O homem não tem lugar de protagonismo na luta das mulheres, assim como brancos não têm lugar de protagonismo no combate antirracista. Podem ser aliados, e, como a lição de casa mais importante, podem lutar entre si para desconstrução de seus privilégios.
Acho sempre engraçado (tragicômico) como se processa SEMPRE: privilegiado vai e dá pitaco em uma pauta do desprivilegiado; desprivilegiado aponta que aquele não é espaço para aquele tipo de pitaco, pois não é espaço de protagonismo dele; privilegiado se sente ofendido e diz que desprivilegiado é ignorante, não sabe dialogar e é agressivo”…
E assim caminha a humanidade: desigual, sem liberdade e não fraterna.
É importante que as pessoas em situação de privilégio parem de reproduzir esses valores e tags sobre o comportamento de quem está levantando sua voz do lado dos desprivilegiados.
Um branco não pode acusar um negro de agressivo porque esse mesmo não aguenta mais sofrer violência da polícia. Assim como um homem não pode chamar uma mulher de agressiva porque ela não quer saber a opinião dele sobre a violência que ela sofre nas ruas todos os dias. Não!
E é nesse sentido que a constante imagem e representação da agressividade dos negros – para focar no ponto que estava tratando (e, claro, no meu lugar de fala) – incomoda tanto.
Pelo fato de ser externamente imposta, pelo fato de ser um “desdignificante” do valor da fala e da pauta dele (novamente valorado externamente).

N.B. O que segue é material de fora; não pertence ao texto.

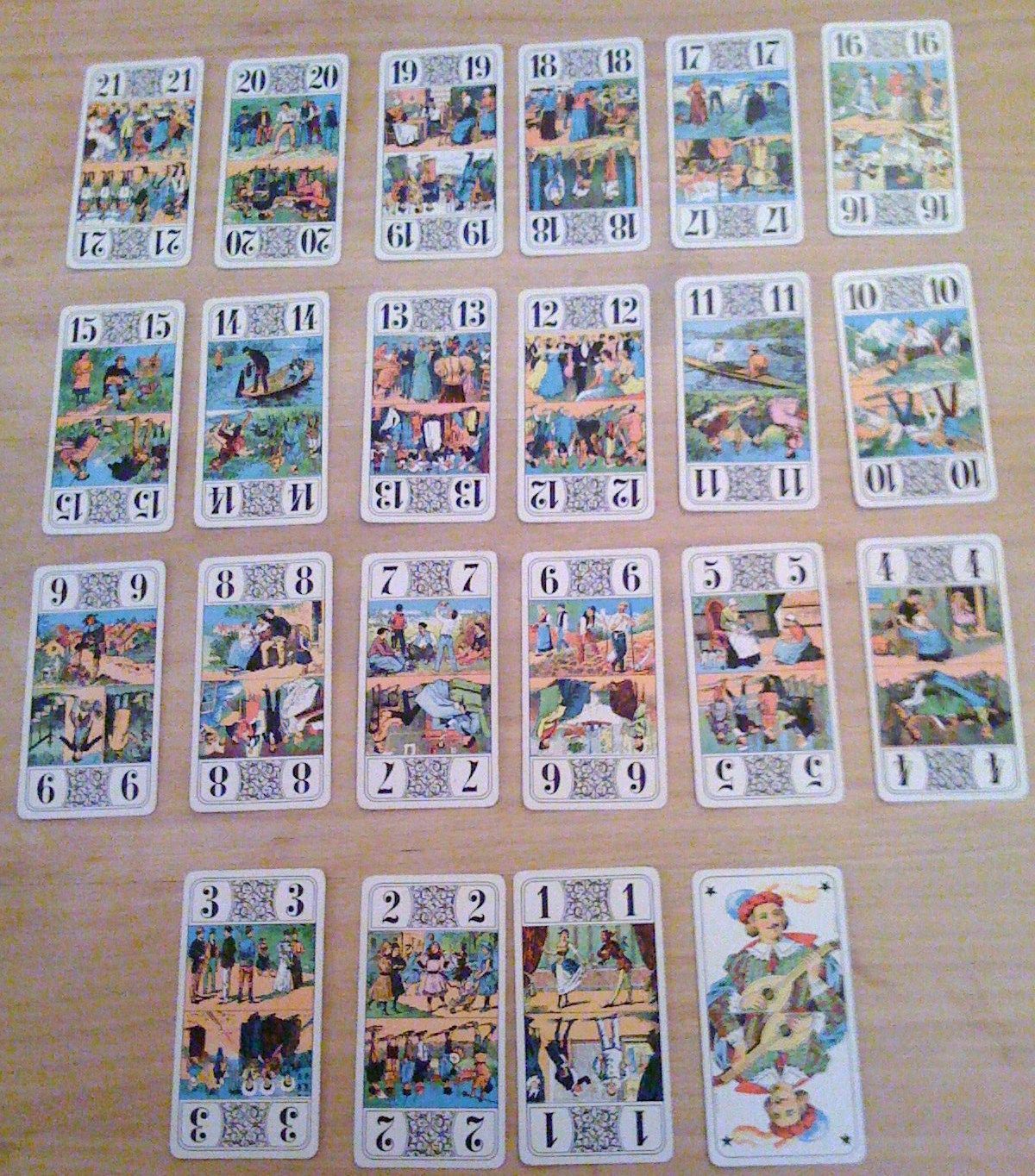 Tarot Probability box art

É preciso entender que essas representações não exaltam poder – porque, invariavelmente, elas acabam sendo absorvidas e reproduzidas no meio negro, em especial com o homem negro – nem nos dá espaço como sujeitos de nosso próprio destino. Não. Porque essa ideia de agressividade é construída em oposição ao ideal de “paz” e, em última instância, “civilidade” (eurocêntrica, claro) que está atribuída ao outro (no caso brancos, homens). Não.

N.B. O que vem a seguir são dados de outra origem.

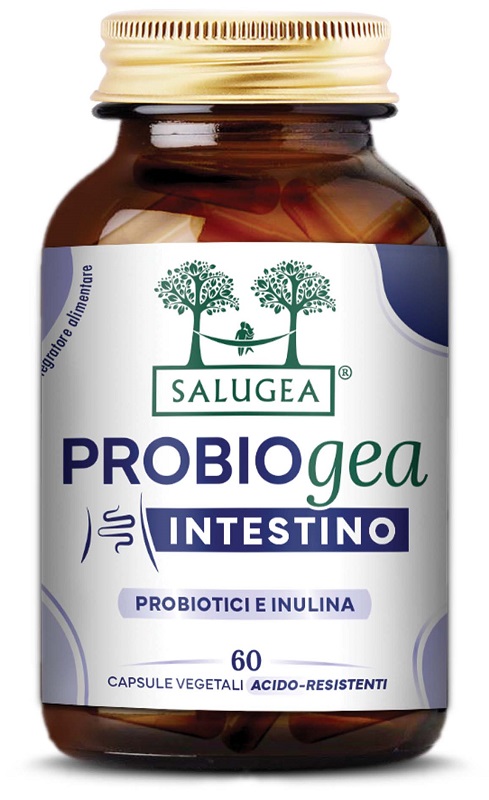 PROBIOGEA INTESTINO SALUGEA 60 CAPSULE - Speedyfarma.it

É claro que não se trata de reclamar a mesma visão ou representação como do movimento contracultural dos hippies, mas também não podemos acriticamente achar ok representações de negros e negras como agressivos, radicais, fora de qualquer universo de entendimento, negociação e troca.
E muitas vezes esse discurso vem das mesmas pessoas que advogam pertencer à cultura (para elas) da paz e amor. Filhos e filhas da Era de Aquário…
Aliás, para voltar ao tópico do começo, falar da Era de Aquário representaria grande momento de fraternidade universal, baseado na razão e evolucão intelectual e espiritual, grosso modo falando.
Pois bem, no discurso da igualdade e liberdade, também próprios do que a contracultura trouxe, está faltando fraternidade com as representações do negro.
Nesse ideal de beleza que seriam as transformações sociais, culturais e políticas que representam o século XX a partir dos anos 1960, continuam a representar paz com brancos e representar guerra com negros. Nada menos belo.
Não é agressividade que queremos que seja nossa cara. A violência da representação de nós como agressivos é reflexo de uma violência maior e mais profunda que sofremos, todas as minorias (ou maiorias: mulheres e negros por exemplo, que são mais de 50% da população brasileira).
Aliás, estamos cansados da violência. Não é por menos que faixas tão básicas como “Vidas negras importam” tenham que ser hasteadas em pleno 2015.
No fundo, como a Era de Aquário sugeriu, nós só queremos mais respeito sobre nossa imagem, representação e memória. Só queremos ter acesso a uma janela para deixar o sol entrar.